:: Data for the task
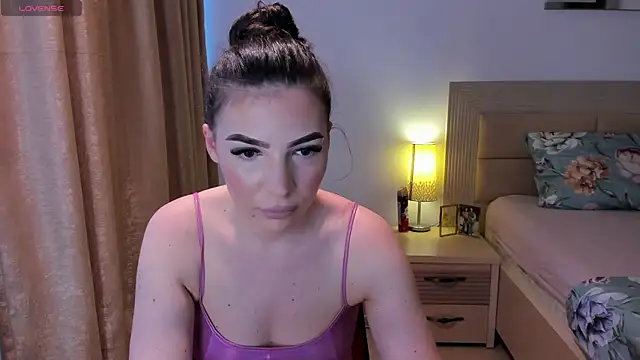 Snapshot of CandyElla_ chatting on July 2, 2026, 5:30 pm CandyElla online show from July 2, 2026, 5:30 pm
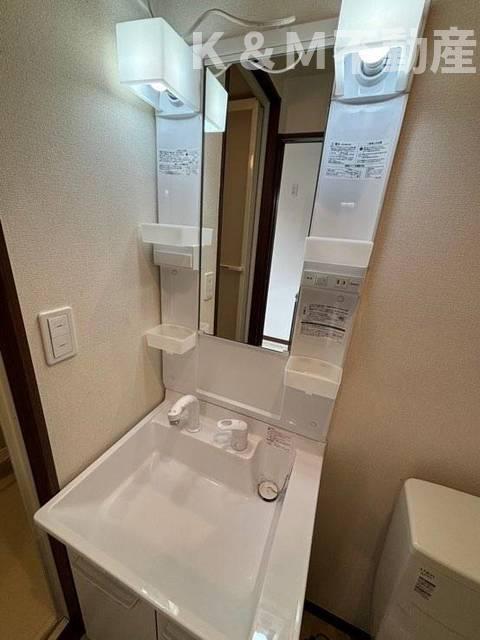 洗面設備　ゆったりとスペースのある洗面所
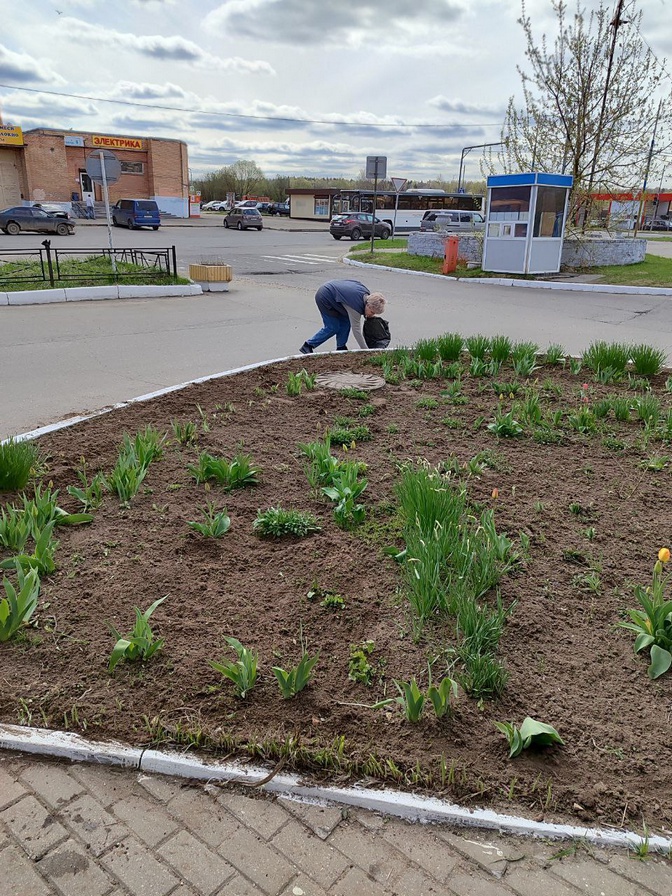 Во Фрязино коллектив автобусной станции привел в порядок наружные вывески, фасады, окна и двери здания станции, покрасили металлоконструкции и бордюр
::::
:: Data for the task
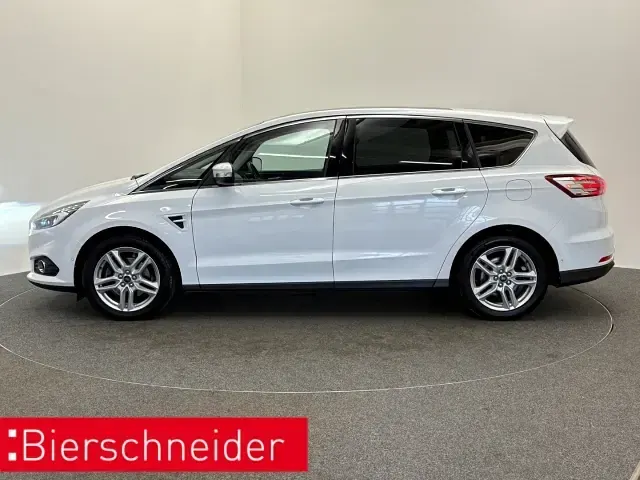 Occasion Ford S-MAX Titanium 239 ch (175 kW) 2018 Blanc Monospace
::::
:: Data for the task
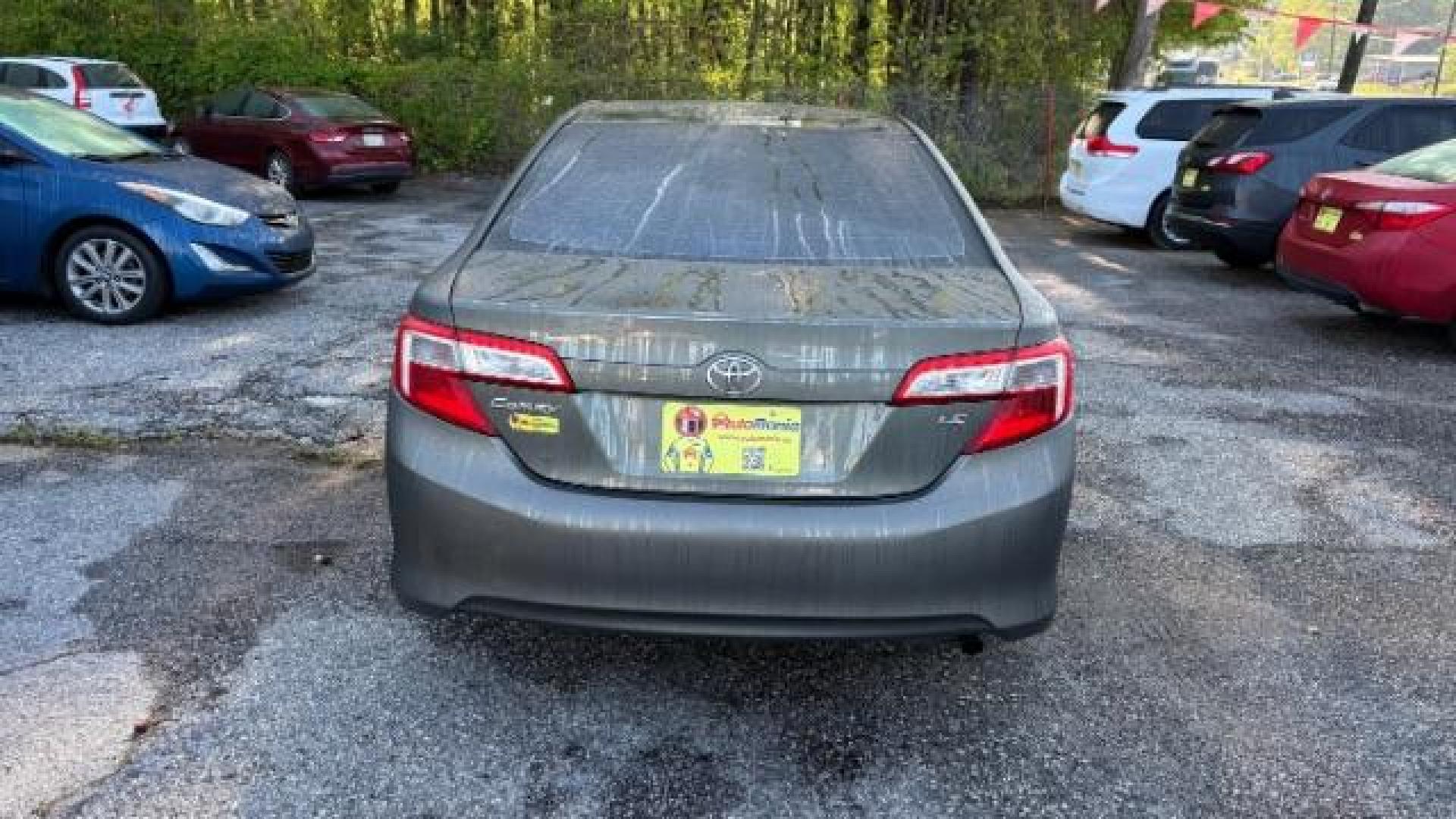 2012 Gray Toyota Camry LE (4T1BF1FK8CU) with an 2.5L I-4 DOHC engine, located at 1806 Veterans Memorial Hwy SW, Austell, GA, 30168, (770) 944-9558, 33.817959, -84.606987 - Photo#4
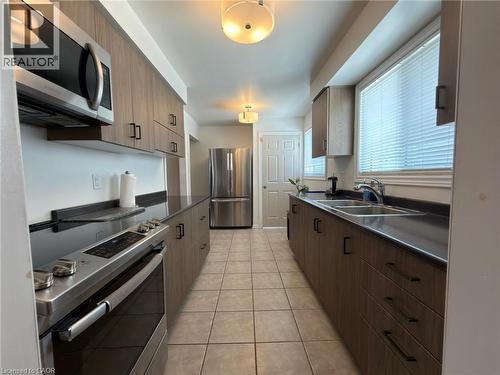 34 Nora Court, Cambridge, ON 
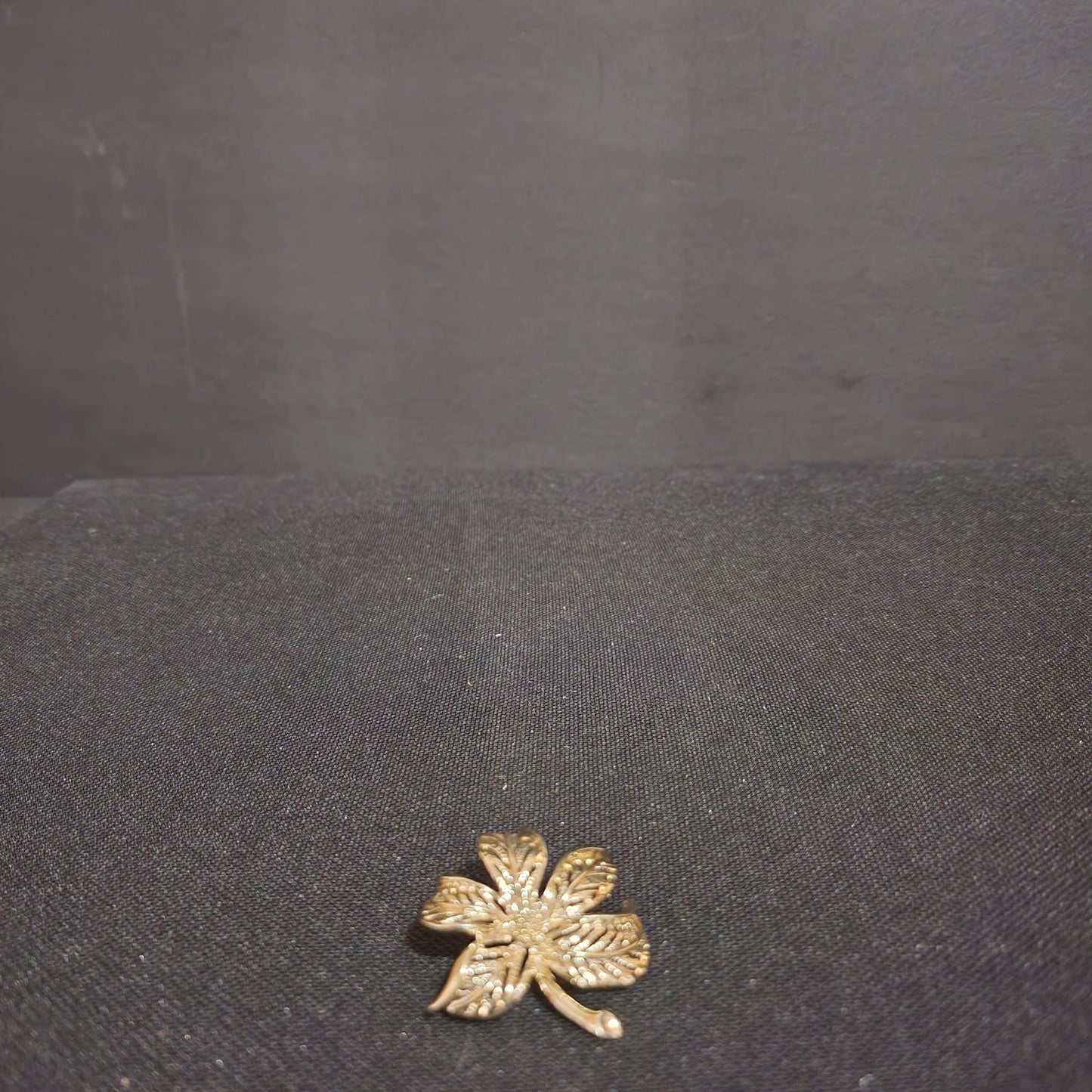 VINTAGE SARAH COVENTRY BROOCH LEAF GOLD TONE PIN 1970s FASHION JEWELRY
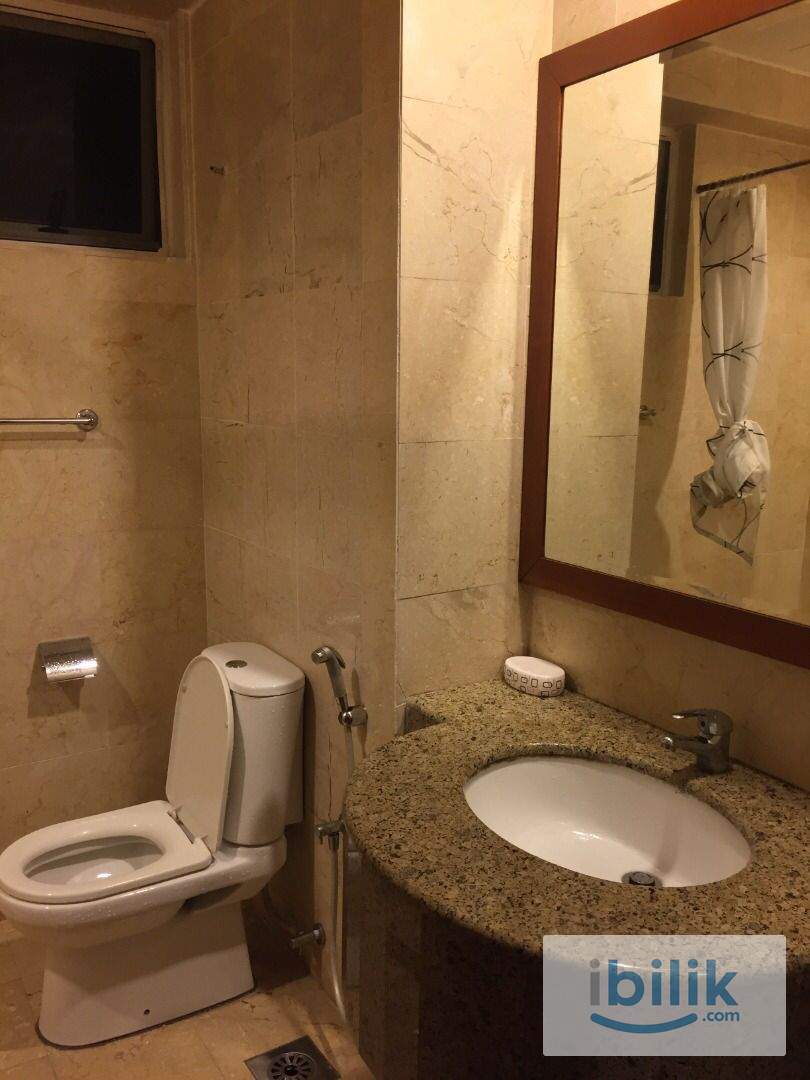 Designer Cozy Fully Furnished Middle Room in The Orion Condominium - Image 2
::::
### What the exercise asks
Would you print exactly the lines in the listing above, from the line bearing "VINTAGE SARAH COVENTRY" through the line bearing "Designer Cozy Fully", leaving out all pictures?

### Output below
 VINTAGE SARAH COVENTRY BROOCH LEAF GOLD TONE PIN 1970s FASHION JEWELRY
 Designer Cozy Fully Furnished Middle Room in The Orion Condominium - Image 2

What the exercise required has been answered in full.